» **What the task asks**
Starting at the first line of the listing below and ending at the line with "Cristo será iluminado", copy each line exactly.

» **Record extracts**
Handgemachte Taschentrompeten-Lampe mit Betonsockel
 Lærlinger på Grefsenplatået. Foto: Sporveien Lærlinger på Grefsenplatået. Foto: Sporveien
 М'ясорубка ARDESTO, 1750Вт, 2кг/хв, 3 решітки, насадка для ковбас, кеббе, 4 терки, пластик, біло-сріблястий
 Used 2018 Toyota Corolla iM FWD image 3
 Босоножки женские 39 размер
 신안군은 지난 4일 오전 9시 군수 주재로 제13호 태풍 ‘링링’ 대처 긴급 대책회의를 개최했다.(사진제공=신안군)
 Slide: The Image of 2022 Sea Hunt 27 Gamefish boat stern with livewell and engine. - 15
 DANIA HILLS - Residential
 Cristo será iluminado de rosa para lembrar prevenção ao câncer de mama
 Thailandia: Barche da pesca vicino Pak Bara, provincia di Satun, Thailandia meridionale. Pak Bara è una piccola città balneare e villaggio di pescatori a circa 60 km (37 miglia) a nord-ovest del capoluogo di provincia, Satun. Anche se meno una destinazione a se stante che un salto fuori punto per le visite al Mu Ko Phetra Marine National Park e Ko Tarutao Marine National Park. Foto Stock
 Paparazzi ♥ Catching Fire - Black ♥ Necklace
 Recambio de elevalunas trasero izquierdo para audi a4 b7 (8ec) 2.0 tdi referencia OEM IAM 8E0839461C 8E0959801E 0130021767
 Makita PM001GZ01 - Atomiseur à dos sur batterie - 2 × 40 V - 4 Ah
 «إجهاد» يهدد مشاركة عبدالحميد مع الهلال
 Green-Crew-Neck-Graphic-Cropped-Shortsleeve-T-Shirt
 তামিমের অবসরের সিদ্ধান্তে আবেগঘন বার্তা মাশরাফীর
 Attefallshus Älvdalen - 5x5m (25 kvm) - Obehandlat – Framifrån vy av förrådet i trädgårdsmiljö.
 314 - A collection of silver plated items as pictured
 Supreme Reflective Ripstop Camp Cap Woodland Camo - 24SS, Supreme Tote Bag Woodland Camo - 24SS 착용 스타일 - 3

» **Exercise output**
Handgemachte Taschentrompeten-Lampe mit Betonsockel
 Lærlinger på Grefsenplatået. Foto: Sporveien Lærlinger på Grefsenplatået. Foto: Sporveien
 М'ясорубка ARDESTO, 1750Вт, 2кг/хв, 3 решітки, насадка для ковбас, кеббе, 4 терки, пластик, біло-сріблястий
 Used 2018 Toyota Corolla iM FWD image 3
 Босоножки женские 39 размер
 신안군은 지난 4일 오전 9시 군수 주재로 제13호 태풍 ‘링링’ 대처 긴급 대책회의를 개최했다.(사진제공=신안군)
 Slide: The Image of 2022 Sea Hunt 27 Gamefish boat stern with livewell and engine. - 15
 DANIA HILLS - Residential
 Cristo será iluminado de rosa para lembrar prevenção ao câncer de mama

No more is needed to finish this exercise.